(Beginning of DATA PROVIDED)
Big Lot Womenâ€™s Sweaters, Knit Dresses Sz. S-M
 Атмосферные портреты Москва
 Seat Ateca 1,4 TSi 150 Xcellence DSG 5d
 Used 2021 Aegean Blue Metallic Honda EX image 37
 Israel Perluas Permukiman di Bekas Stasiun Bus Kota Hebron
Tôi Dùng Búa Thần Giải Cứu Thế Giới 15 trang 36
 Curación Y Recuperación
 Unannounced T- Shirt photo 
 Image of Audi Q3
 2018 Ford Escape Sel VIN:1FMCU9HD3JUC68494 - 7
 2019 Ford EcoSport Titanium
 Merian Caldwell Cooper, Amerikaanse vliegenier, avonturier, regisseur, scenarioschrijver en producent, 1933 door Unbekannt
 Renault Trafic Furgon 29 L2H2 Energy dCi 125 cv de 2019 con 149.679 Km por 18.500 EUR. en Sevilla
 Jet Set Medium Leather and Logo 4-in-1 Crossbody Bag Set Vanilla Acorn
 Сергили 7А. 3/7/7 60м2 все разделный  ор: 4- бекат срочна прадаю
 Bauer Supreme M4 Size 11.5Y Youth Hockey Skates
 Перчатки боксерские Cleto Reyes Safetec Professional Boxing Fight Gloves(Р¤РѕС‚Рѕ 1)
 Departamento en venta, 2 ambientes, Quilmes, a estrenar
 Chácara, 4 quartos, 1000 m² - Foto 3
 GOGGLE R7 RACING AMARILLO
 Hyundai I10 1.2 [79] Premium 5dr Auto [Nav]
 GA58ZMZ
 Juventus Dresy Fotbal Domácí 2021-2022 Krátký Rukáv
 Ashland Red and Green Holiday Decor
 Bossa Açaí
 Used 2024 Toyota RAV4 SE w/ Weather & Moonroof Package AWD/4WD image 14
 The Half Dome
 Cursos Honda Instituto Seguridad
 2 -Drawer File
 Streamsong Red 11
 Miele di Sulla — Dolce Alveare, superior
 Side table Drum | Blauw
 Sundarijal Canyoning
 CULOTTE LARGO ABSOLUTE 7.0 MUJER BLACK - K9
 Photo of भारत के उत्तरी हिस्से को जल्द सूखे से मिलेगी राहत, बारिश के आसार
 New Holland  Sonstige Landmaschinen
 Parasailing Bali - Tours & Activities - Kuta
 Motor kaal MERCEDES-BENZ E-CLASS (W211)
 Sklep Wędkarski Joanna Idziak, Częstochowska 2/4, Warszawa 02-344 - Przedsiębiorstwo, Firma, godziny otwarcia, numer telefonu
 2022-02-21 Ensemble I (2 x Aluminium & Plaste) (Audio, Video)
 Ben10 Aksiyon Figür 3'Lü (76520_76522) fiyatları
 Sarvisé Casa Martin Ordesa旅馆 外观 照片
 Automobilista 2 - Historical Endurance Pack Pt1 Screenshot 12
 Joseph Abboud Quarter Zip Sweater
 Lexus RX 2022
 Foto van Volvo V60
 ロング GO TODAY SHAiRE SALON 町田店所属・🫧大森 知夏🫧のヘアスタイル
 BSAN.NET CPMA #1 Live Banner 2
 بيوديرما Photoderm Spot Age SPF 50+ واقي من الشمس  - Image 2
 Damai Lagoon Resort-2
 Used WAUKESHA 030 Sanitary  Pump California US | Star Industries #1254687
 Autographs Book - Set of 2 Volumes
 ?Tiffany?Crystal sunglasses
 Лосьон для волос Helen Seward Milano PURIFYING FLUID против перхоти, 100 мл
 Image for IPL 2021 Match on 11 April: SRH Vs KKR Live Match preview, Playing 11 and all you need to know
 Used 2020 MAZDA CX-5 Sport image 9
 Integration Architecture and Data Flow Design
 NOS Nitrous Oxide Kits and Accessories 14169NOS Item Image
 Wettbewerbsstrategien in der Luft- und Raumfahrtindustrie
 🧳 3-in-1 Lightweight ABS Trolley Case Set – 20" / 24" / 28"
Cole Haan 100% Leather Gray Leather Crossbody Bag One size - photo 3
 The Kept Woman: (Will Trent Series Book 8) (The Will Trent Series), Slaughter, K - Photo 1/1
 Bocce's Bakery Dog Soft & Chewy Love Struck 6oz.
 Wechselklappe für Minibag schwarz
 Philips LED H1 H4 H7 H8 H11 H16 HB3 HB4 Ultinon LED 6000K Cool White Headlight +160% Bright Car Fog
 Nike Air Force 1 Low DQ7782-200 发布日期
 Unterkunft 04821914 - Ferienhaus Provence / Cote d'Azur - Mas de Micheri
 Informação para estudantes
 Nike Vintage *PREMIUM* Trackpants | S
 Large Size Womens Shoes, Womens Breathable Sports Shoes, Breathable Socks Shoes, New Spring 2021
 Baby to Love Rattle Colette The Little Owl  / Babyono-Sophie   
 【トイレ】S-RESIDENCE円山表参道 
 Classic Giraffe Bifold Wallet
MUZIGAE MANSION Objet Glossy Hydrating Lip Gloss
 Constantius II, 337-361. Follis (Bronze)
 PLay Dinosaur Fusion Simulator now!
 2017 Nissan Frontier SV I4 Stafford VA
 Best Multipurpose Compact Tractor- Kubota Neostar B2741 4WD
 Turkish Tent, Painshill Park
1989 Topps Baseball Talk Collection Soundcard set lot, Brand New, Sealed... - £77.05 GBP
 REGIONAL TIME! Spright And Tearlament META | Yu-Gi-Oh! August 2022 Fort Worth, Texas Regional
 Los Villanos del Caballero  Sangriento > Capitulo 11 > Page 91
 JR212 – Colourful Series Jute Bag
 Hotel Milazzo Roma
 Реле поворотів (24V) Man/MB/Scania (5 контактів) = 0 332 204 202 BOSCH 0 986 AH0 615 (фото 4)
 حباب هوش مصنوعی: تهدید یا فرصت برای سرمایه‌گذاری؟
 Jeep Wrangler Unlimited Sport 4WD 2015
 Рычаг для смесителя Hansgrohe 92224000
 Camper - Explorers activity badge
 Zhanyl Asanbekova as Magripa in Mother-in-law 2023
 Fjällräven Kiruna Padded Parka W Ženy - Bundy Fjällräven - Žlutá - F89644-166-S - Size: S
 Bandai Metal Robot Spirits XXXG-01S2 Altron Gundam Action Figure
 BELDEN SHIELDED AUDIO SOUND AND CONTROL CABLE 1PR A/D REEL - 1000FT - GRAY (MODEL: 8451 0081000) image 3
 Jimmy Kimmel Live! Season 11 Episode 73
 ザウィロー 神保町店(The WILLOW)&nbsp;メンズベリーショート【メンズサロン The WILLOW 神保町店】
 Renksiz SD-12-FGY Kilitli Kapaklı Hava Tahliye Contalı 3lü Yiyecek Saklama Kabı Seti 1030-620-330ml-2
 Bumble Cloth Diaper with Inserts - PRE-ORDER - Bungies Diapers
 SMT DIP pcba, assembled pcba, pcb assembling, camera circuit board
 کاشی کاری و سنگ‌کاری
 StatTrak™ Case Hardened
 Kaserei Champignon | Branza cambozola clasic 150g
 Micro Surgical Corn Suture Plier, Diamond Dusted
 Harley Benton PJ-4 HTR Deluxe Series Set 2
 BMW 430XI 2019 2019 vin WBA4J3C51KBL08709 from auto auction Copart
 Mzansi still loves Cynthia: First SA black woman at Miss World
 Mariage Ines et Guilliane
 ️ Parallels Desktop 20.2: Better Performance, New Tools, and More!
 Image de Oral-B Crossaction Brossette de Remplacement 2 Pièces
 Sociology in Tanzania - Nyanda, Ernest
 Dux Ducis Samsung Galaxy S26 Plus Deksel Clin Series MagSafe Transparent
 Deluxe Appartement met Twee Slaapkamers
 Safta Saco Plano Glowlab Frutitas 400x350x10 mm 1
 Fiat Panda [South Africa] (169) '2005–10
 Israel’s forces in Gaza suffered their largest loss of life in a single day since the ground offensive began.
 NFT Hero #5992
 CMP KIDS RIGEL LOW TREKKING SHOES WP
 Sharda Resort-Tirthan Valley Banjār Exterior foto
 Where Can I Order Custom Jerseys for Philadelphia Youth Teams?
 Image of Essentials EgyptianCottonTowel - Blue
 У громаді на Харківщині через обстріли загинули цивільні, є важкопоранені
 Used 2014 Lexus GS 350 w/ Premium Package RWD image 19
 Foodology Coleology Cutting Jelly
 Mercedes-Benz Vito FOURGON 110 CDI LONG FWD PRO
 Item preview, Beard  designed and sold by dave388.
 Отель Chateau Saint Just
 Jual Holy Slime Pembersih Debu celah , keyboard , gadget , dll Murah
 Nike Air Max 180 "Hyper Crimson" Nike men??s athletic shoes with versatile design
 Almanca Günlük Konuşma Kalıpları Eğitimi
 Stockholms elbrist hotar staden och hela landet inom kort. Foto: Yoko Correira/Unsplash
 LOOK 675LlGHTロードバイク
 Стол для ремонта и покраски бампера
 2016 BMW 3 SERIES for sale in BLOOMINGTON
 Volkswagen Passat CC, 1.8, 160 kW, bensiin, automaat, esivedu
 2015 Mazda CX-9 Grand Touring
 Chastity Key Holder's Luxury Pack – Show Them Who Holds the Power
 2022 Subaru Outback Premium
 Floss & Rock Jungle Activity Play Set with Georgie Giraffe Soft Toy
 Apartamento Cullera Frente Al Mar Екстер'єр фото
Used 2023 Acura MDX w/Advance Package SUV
(End of DATA PROVIDED)
Restate exactly the records above from their first line through the line that holds "Departamento en venta, 2", please, including both and leaving out all others.

Big Lot Womenâ€™s Sweaters, Knit Dresses Sz. S-M
 Атмосферные портреты Москва
 Seat Ateca 1,4 TSi 150 Xcellence DSG 5d
 Used 2021 Aegean Blue Metallic Honda EX image 37
 Israel Perluas Permukiman di Bekas Stasiun Bus Kota Hebron
Tôi Dùng Búa Thần Giải Cứu Thế Giới 15 trang 36
 Curación Y Recuperación
 Unannounced T- Shirt photo 
 Image of Audi Q3
 2018 Ford Escape Sel VIN:1FMCU9HD3JUC68494 - 7
 2019 Ford EcoSport Titanium
 Merian Caldwell Cooper, Amerikaanse vliegenier, avonturier, regisseur, scenarioschrijver en producent, 1933 door Unbekannt
 Renault Trafic Furgon 29 L2H2 Energy dCi 125 cv de 2019 con 149.679 Km por 18.500 EUR. en Sevilla
 Jet Set Medium Leather and Logo 4-in-1 Crossbody Bag Set Vanilla Acorn
 Сергили 7А. 3/7/7 60м2 все разделный  ор: 4- бекат срочна прадаю
 Bauer Supreme M4 Size 11.5Y Youth Hockey Skates
 Перчатки боксерские Cleto Reyes Safetec Professional Boxing Fight Gloves(Р¤РѕС‚Рѕ 1)
 Departamento en venta, 2 ambientes, Quilmes, a estrenar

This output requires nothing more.